Alla base dell'addio ci sono contrasti con gli esponenti nazionali: "hanno ignorato gli attivisti e tradito il mandato elettorale"

Perde un pezzo il Movimento 5 Stelle di Milano. Il consigliere comunale Simone Sollazzo, eletto nel 2016 insieme a Patrizia Bedori e Gianluca Corrado, ha deciso di lasciare il partito di Casaleggio. L'addio è stato comunicato attraverso una nota dai toni accesi resa pubblica nella notte tra domenica e lunedì 27 aprile. Sollazzo non è il solo che ha lasciato il M5s: insieme a lui hanno detto addio al Movimento anche Giuseppe Ventura (consigliere di Municipio 1), Cristina Russo (consigliara di Municipio 6) e Marco Cardillo (consigliere comunale di Cornaredo).

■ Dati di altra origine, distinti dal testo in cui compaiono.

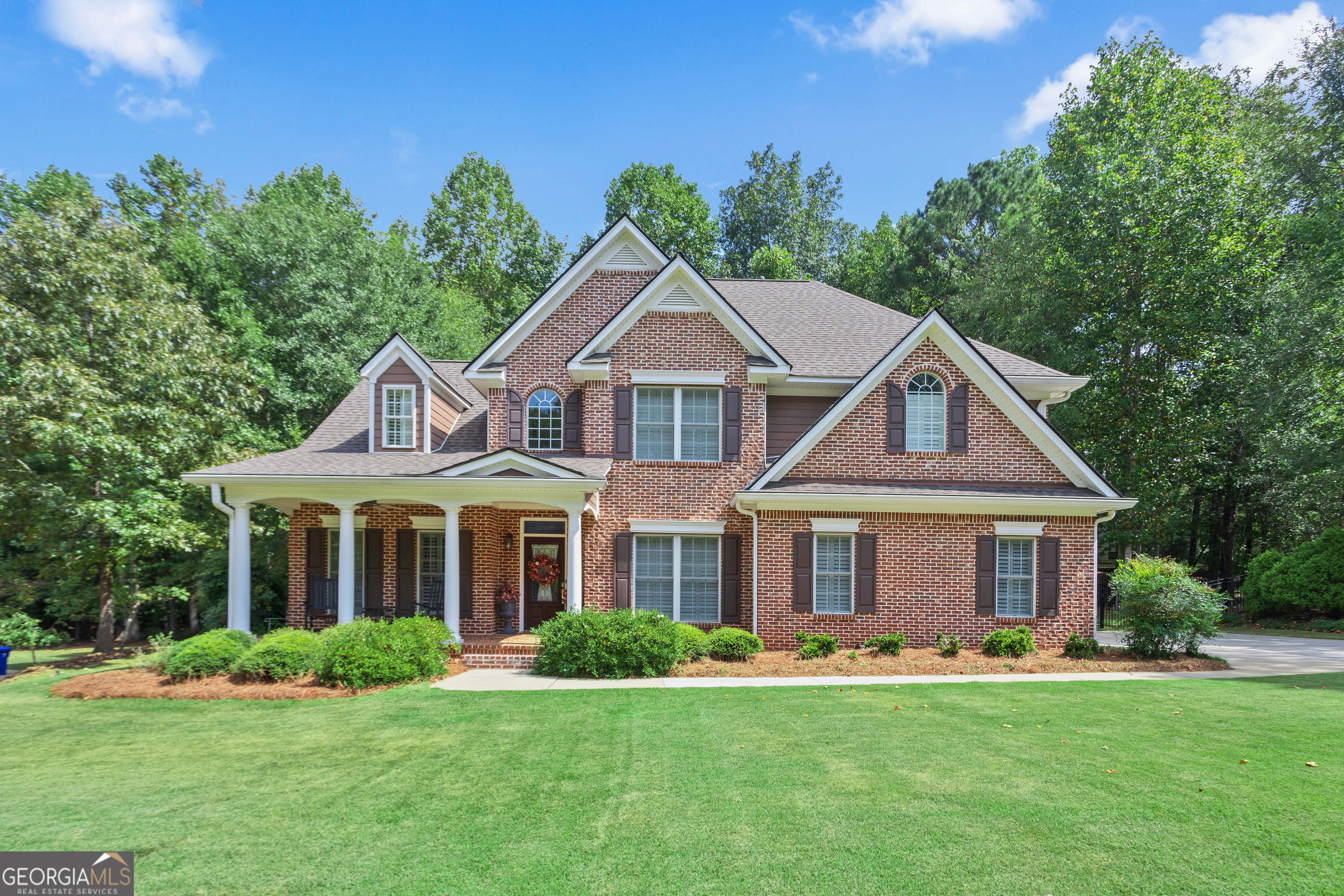330 Peninsula Drive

"Dopo mesi nei quali i vertici del Movimento hanno ignorato gli attivisti e tradito il mandato elettorale, non possiamo più identificarci in un simbolo e con un gruppo che ha snaturato quelli che erano i nostri principi fondativi, primo fra tutti quello di essere stati eletti per 'portare la voce' dei cittadini nelle istituzioni — si legge nel comunicato firmato dai quattro politici —. Noi continueremo ad essere coerenti con le promesse fatte. Per questo non possiamo più accettare di stare con quelli che, invece di cambiare l’Italia, non hanno cambiato nulla, diventando la stampella parlamentare delle vecchie forze politiche e rinnegando le ragioni per le quali erano stati eletti". 

I quattro politici locali non hanno utilizzato mezzi termini nell'annunciare il loro addio: "Il Movimento 5 stelle è diventato il luogo dove le scelte sono elaborate da ignoti e calate dall'alto per essere solo ratificate e si deve solo lavorare e tacere — si legge nella nota —. È un treno impazzito che lascia a terra chiunque si discosti dal pensiero unico dei capi. Pensiero ratificato attraverso il metodo Rousseau, attuato in stile di orwelliana memoria, dove il trattamento dei dati degli iscritti ha sollevato dubbi e contestazioni anche in sede istituzionale da parte del Garante, dove i processi decisionali sono divenuti di fatto inaccessibili a coloro (siano essi attivisti o portavoce) posti fuori da vari cerchi magici venutisi a creare in questi anni. È la grande truffa della Democrazia Diretta".

Il quartetto ha precisato che il loro gesto "è la fine di un lungo percorso" e non "una resa incondizionata né un capriccio per ricerca di attenzione dopo una serie di valutazioni e richieste di ascolto vergognosamente messe in un angolo".